### Node.js Crash Detection

We operationalized the template and have been performing advanced analytics on telemetry data of one of our own services.

Our service runs four Node.js processes on each cloud instance. From root cause analysis, we have noticed cases of Node.js crashes. However, due to limitations of the SDK, we cannot log when the crash occurs. So, we created a Jupyter Notebook to analyze the existing telemetry data to detect Node.js crashes.

A custom event NodeProcessStarted is logged when a new Node.js process starts in a cloud instance. Normally, all four processes start nearly simultaneously when they are recycled every 8-11 hours. So, when we see less than four NodeProcessStarted events occur at a different frequency, we can infer that new process(es) started to replace recently crashed process(es).

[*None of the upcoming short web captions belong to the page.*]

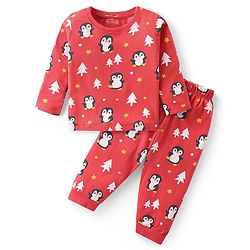 Babyhug Cotton Knit Full Sleeves Night Suit With Penguin Print - Red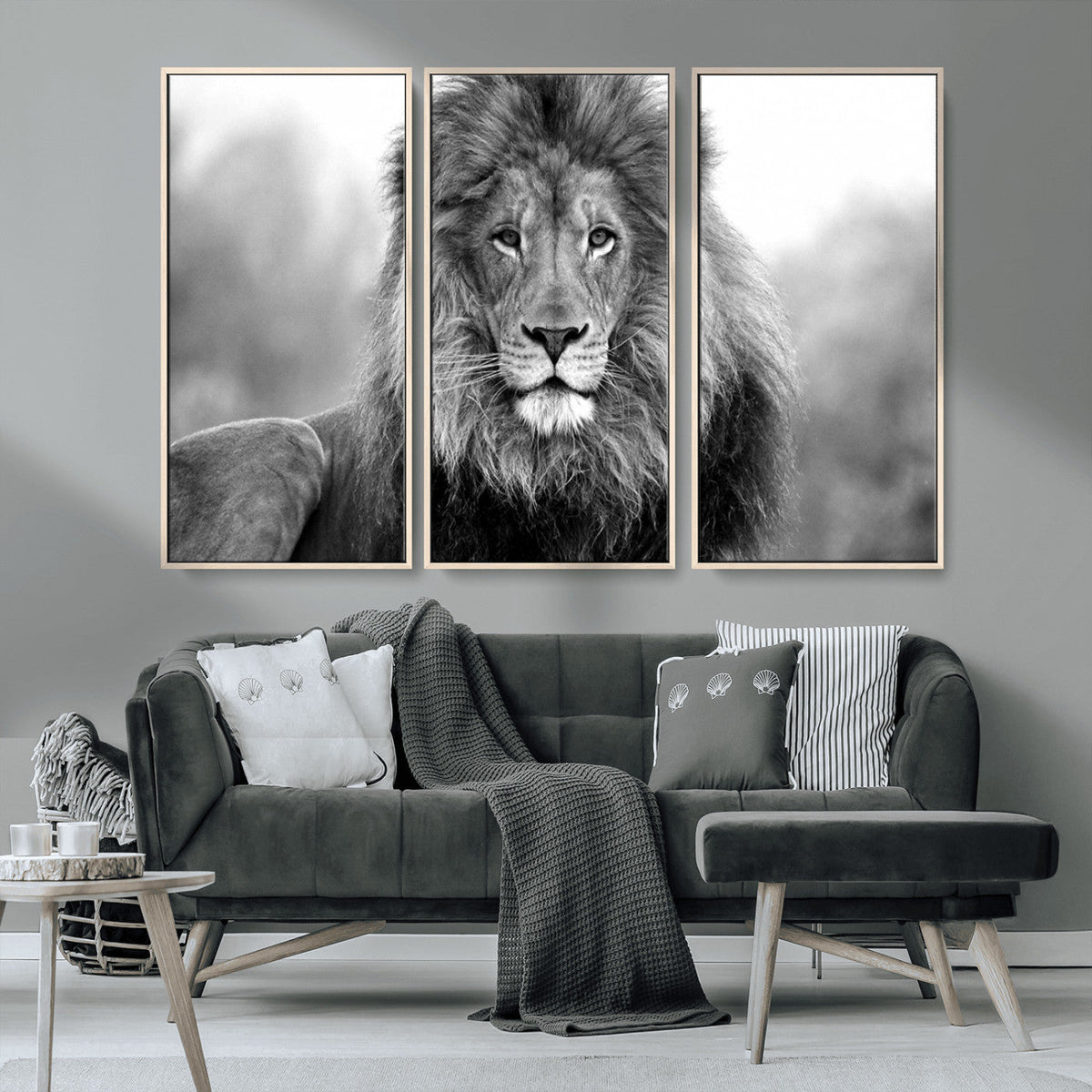 Black and White Lion Canvas Wall Art – Animal Print Artwork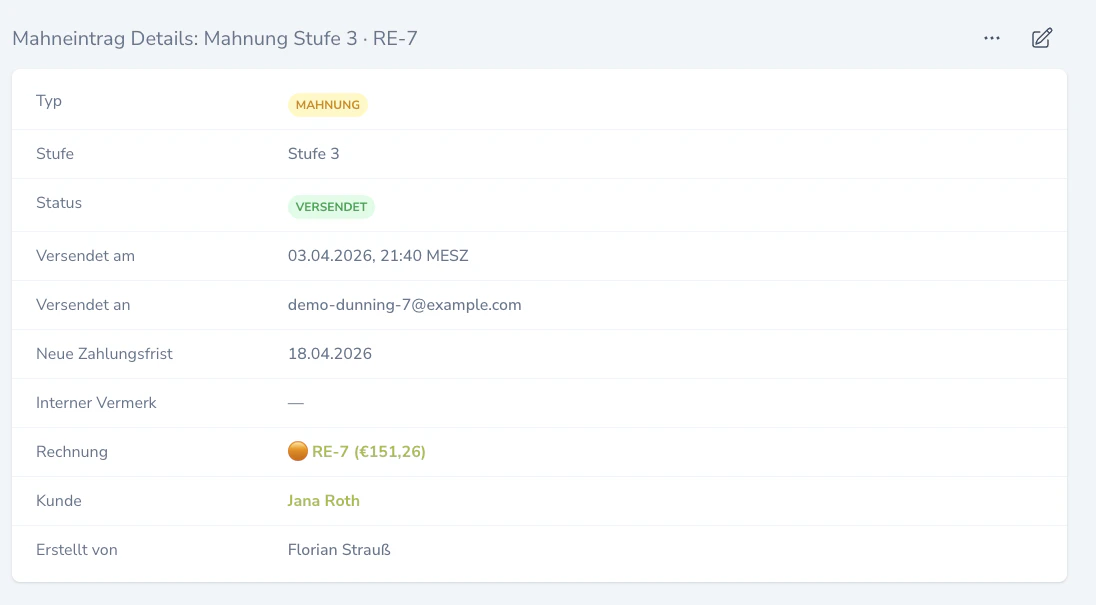 Detailansicht eines Mahneintrags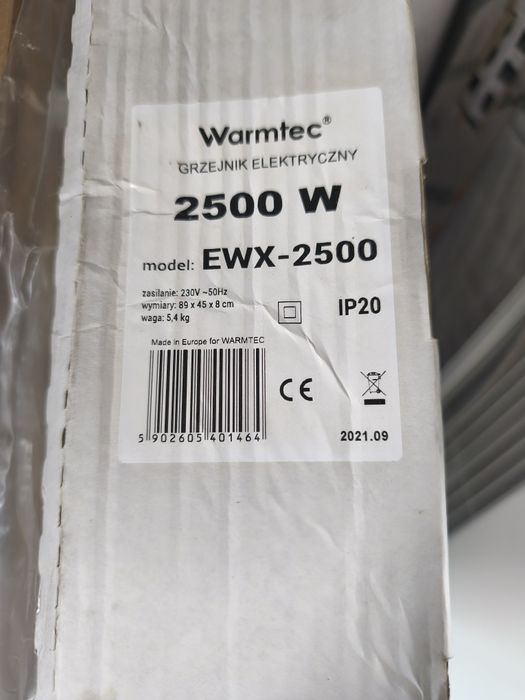 WARMTEC EWX-2500 W grzejnik konwektorowy NOWY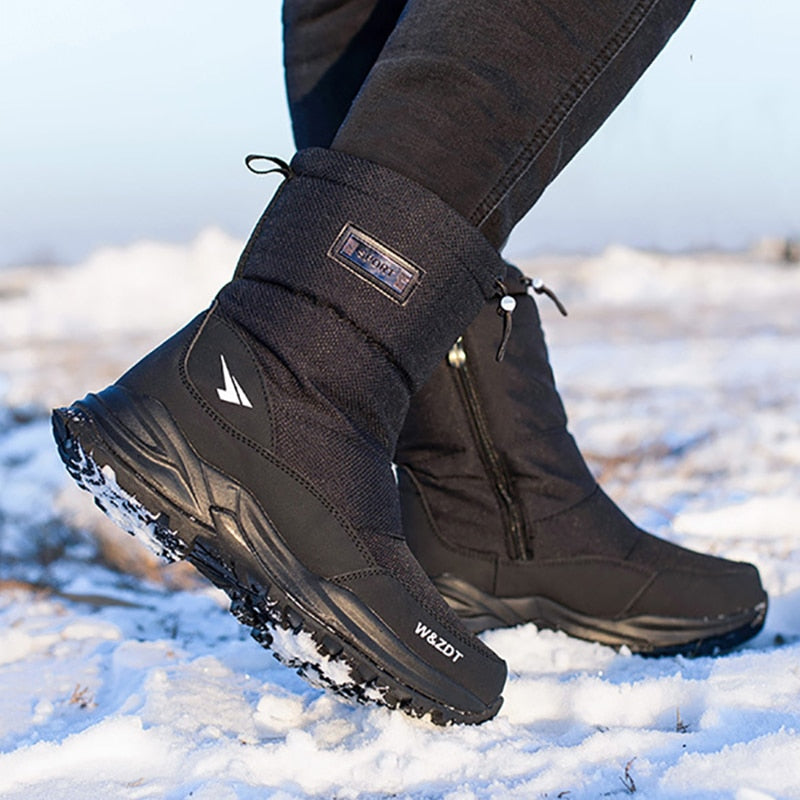 Wasserdichte und rutschfeste Schneestiefel mit dickem Fell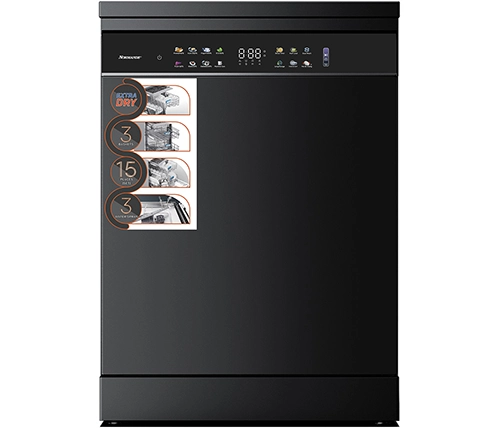 מדיח כלים רחב נורמנדה 15 מערכות כלים Normande ND-6158B בצבע שחור - משלוח חינם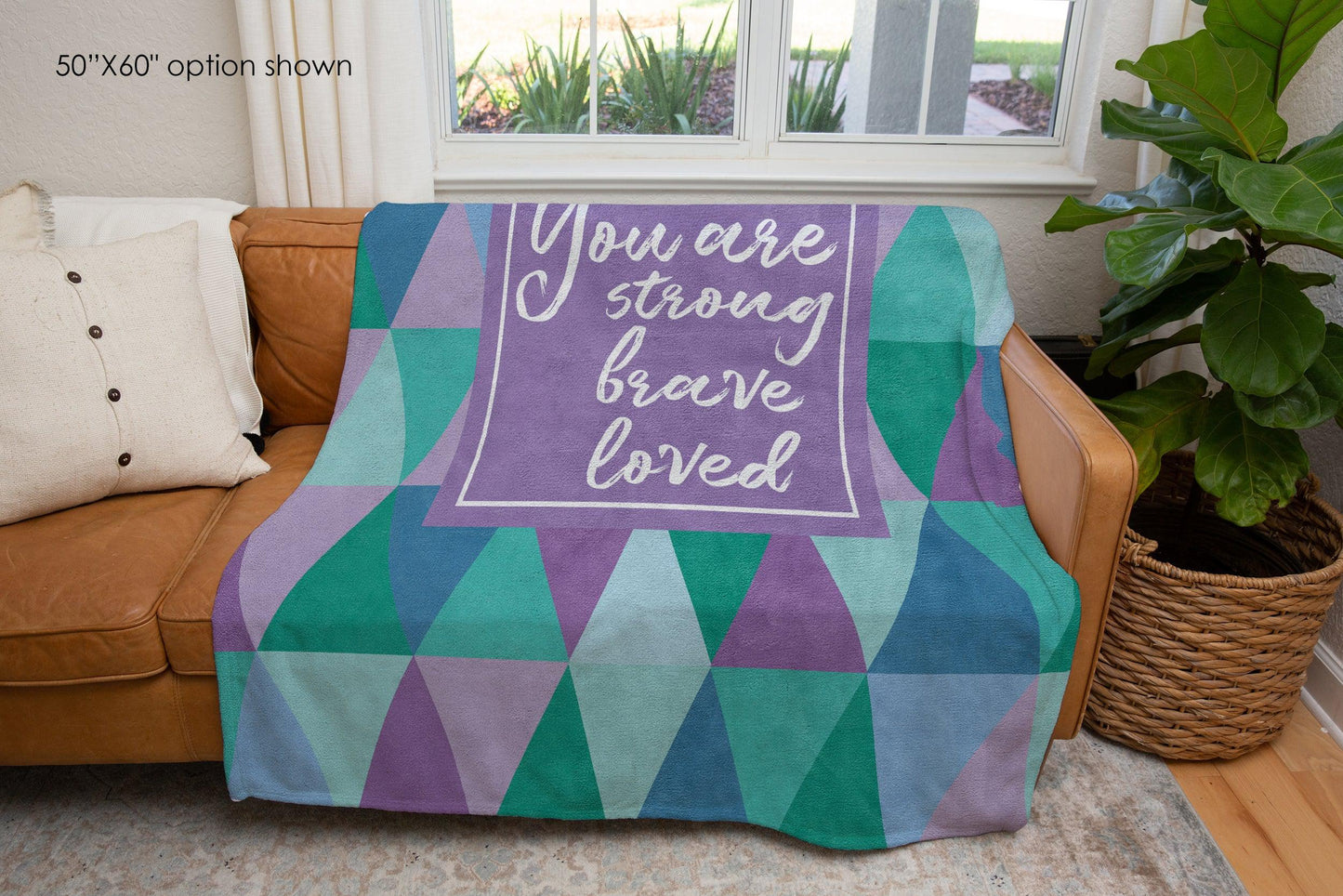 Strong, Brave, Loved Purple and Teal Blanket-Luxe Palette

In this implemented template, you will see how we query for telemetry data, analyze the data, query for more telemetry data to enrich the analysis, and then send the derived data back to Application Insights.

#### Install packages
*exclude the below cell when uploading to Azure App Service*

In [13]:
%%capture 

!pip install --upgrade pip
!pip install --upgrade applicationinsights-jupyter
!pip install applicationinsights

#### Imports

In [14]:
import requests
import ast
from operator import itemgetter
from datetime import datetime
from datetime import timedelta
from applicationinsights_jupyter import Jupyter
from applicationinsights import TelemetryClient

#### Constants

In [15]:
API_URL = "https://api.aimon.applicationinsights.io/"
APP_ID = "REDACTED"
API_KEY = "REDACTED"
IKEY = "REDACTED"
RECYCLE_FREQUENCY_LOWER_BOUND = timedelta(hours=8) 
RECYCLE_FREQUENCY_UPPER_BOUND = timedelta(hours=11) 
NUM_PROCESSES = 4

#### Utility functions

In [16]:
def makeQuery(queryString): 
    """ Make a query to Application Insights with the specified queryString. 
        
    Returns: 
        A list of query results. 
    """
    jupyterObj = Jupyter(APP_ID, API_KEY, API_URL)
    jupyterObjData = jupyterObj.getAIData(queryString)
    return jupyterObjData["Rows"]

def parseTimestamp(timestamp): 
    """         
    Args: 
        timestamp (unicode) in '%Y-%m-%dT%H:%M:%SZ' format
        
    Returns: 
        A struct_time representation of the spcified timestamp.
    """
    return datetime.strptime(timestamp, '%Y-%m-%dT%H:%M:%SZ')
    
def formatDatetime(time): 
    """         
    Args: 
        time (struct_time)
        
    Returns: 
        A string representation of the spcified time in '%Y-%m-%dT%H:%M:%SZ' format.
    """
    return time.strftime('%Y-%m-%dT%H:%M:%SZ')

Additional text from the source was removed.